Louisiana Third Circuit Court of Appeal Affirms Judgment Finding Employer Was Arbitrary and Capricious in Controverting Claim for Workers’ Compensation Benefits

Published by The Pellegrin Firm October 1, 2019

In a September 18, 2019 decision, The Louisiana Third Circuit Court of Appeal affirmed a Lake Charles workers’ compensation judge’s decision to award workers’ compensation benefits, attorneys’ fees, and penalties to an injured employee of Chicago Bridge & Iron. The employee was injured while stepping off a crane on a rainy day. At first, Chicago Bridge & Iron accommodated his limitations, but after he missed several days of work due to complications from an injection related to the work injury, he was terminated.

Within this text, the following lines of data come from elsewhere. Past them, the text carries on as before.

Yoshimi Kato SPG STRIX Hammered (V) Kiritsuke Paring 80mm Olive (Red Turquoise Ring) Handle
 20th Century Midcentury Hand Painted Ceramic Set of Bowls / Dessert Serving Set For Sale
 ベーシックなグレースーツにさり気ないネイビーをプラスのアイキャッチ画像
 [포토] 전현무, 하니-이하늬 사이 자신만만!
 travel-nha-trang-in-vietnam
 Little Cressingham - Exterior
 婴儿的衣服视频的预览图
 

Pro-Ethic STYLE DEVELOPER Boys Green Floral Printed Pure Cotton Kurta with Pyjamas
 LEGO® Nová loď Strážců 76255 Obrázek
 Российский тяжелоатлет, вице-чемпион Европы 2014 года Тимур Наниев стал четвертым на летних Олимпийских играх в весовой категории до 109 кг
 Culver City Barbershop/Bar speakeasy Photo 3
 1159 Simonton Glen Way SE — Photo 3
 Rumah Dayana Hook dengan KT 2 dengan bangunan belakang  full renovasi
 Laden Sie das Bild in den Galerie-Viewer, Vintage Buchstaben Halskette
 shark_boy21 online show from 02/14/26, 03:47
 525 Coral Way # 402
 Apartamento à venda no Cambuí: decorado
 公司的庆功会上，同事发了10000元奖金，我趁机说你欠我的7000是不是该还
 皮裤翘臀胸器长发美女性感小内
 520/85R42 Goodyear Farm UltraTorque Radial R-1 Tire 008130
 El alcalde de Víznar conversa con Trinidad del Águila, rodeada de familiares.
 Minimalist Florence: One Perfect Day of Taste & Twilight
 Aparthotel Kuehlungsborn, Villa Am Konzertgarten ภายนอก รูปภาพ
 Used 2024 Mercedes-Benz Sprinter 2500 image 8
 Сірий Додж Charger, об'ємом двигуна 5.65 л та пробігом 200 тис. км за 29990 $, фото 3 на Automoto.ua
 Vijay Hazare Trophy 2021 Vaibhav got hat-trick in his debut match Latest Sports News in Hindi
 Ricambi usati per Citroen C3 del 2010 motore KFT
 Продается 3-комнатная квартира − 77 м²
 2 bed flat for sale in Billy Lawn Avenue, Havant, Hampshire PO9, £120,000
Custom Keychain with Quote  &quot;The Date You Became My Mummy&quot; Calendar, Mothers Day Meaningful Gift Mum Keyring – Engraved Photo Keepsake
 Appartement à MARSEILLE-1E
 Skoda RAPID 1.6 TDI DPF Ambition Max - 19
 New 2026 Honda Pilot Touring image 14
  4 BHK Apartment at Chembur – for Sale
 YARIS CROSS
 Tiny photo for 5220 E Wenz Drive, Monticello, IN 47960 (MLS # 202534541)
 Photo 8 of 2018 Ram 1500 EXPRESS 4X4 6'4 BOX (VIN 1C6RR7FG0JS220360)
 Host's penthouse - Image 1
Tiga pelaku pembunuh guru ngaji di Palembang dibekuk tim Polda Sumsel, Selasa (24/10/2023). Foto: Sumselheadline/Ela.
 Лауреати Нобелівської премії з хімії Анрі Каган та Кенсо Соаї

Chicago Bridge & Iron, along with its workers’ compensation insurer, argued that the employee forfeited his rights to benefits due to the fact that he gave confusing answers on a form he filled out on past injures when he first started the job. The workers’ compensation judge found that while his answers were confusing and contradictory, he made an effort to disclose past injuries to his knee and leg. Forfeiture of benefits is a drastic remedy, and when it appears a worker has given false answers on a pre-employment form due to error or confusion, benefits should generally not be forfeited. Also, the mere presence of a preexisting condition does not mean an injured employee cannot get worker’s compensation benefits for a work-related injury that exacerbates or aggravates the condition.

The workers’ compensation judge found that the worker was entitled to benefits, the termination was pretextual, and the worker was entitled to penalties and attorneys’ fees for failure to pay benefits timely. The case is Ralph Weaver v. Chicago Bridge & Iron, Docket No. 18-719 in the Court of Appeal.